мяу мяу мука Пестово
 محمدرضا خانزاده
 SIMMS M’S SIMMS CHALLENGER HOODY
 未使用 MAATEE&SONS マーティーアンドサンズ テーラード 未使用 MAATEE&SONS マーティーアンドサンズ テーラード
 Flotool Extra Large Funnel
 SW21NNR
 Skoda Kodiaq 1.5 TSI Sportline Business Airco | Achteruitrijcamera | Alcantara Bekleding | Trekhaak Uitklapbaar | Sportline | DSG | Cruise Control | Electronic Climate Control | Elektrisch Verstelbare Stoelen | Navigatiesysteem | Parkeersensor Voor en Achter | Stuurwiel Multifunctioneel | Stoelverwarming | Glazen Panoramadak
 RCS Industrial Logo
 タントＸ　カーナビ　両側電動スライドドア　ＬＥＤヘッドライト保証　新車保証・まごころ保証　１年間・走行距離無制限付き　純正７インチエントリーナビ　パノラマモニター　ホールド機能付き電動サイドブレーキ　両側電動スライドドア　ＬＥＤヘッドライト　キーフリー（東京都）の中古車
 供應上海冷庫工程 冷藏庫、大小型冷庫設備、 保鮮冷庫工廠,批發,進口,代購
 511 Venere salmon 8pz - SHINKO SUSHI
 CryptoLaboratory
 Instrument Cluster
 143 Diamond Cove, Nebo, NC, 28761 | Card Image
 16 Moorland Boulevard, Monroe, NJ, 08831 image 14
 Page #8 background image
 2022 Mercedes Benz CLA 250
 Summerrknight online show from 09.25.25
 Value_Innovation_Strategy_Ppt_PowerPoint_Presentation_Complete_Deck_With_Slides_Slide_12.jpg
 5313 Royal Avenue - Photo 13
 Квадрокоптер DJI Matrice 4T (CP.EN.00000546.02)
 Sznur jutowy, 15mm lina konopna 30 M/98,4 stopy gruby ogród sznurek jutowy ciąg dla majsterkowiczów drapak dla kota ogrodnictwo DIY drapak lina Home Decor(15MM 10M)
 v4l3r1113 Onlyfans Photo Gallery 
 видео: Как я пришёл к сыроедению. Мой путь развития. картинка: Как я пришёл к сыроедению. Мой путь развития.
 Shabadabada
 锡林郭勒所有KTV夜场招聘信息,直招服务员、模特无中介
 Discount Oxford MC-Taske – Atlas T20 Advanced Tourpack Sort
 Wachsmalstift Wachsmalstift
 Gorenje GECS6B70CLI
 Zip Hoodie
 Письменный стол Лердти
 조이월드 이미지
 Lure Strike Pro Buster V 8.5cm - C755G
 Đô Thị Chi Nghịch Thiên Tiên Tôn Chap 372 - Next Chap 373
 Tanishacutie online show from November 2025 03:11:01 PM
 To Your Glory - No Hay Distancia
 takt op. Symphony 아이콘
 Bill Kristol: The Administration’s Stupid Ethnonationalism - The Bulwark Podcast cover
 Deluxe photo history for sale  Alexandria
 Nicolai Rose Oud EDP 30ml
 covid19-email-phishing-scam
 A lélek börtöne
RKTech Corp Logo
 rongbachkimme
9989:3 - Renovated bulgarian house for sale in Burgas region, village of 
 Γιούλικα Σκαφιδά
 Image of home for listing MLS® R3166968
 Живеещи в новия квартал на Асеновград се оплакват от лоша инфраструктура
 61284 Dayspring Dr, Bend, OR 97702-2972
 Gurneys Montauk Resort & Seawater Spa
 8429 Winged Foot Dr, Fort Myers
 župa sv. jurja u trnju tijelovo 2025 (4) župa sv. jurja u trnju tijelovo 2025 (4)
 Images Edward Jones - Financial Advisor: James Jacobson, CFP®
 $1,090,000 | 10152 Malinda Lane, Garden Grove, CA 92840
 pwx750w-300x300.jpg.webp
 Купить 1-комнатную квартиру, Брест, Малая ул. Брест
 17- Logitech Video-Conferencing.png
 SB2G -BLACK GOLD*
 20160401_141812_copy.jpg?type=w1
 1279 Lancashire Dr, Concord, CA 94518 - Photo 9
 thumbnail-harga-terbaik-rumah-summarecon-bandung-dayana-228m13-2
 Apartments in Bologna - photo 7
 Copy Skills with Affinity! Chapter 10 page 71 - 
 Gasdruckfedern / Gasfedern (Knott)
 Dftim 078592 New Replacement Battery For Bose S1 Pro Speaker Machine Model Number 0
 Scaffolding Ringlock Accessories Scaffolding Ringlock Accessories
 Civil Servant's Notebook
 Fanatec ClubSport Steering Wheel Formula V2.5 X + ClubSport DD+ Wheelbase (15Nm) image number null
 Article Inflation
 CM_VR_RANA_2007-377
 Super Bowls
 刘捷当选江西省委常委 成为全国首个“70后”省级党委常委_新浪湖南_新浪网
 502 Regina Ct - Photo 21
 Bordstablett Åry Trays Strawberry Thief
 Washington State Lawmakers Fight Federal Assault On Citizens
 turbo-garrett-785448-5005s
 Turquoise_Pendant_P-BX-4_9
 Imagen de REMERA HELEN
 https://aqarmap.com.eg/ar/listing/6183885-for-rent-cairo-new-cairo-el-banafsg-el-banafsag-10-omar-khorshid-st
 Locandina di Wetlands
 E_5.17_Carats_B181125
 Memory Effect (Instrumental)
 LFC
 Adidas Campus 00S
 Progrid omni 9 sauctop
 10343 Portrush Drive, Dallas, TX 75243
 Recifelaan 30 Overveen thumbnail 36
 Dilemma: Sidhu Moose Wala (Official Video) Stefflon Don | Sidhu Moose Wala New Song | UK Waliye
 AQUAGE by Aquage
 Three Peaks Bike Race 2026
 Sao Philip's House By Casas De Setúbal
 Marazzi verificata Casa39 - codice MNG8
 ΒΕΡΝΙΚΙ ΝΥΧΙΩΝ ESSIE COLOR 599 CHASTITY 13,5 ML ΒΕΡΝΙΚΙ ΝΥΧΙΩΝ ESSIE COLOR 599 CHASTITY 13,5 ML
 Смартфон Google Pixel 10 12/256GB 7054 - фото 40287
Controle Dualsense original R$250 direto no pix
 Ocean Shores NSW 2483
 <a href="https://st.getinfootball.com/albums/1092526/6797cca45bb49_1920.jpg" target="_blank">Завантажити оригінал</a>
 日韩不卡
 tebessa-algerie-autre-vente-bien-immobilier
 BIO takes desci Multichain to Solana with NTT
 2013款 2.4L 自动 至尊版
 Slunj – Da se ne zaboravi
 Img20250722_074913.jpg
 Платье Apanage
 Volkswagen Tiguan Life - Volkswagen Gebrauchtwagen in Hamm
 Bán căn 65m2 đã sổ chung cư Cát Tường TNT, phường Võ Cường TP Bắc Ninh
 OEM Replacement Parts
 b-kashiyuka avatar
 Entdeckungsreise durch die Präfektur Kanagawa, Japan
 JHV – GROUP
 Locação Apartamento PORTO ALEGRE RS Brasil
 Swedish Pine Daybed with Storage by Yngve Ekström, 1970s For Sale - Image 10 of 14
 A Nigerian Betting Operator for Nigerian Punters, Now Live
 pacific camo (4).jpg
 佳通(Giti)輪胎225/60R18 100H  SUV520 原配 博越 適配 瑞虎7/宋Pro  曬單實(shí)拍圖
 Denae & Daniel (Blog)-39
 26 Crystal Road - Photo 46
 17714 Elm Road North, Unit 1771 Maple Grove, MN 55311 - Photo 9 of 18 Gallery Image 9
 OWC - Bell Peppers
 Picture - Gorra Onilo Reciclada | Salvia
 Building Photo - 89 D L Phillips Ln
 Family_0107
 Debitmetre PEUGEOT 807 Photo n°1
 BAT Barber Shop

########

### Task objective
Using the records above, set down exactly the lines from the one with "17- Logitech Video-Conferencing.png" through the one with "Gasdruckfedern / Gasfedern (Knott)", inclusive, and nothing more.

### Task result
 17- Logitech Video-Conferencing.png
 SB2G -BLACK GOLD*
 20160401_141812_copy.jpg?type=w1
 1279 Lancashire Dr, Concord, CA 94518 - Photo 9
 thumbnail-harga-terbaik-rumah-summarecon-bandung-dayana-228m13-2
 Apartments in Bologna - photo 7
 Copy Skills with Affinity! Chapter 10 page 71 - 
 Gasdruckfedern / Gasfedern (Knott)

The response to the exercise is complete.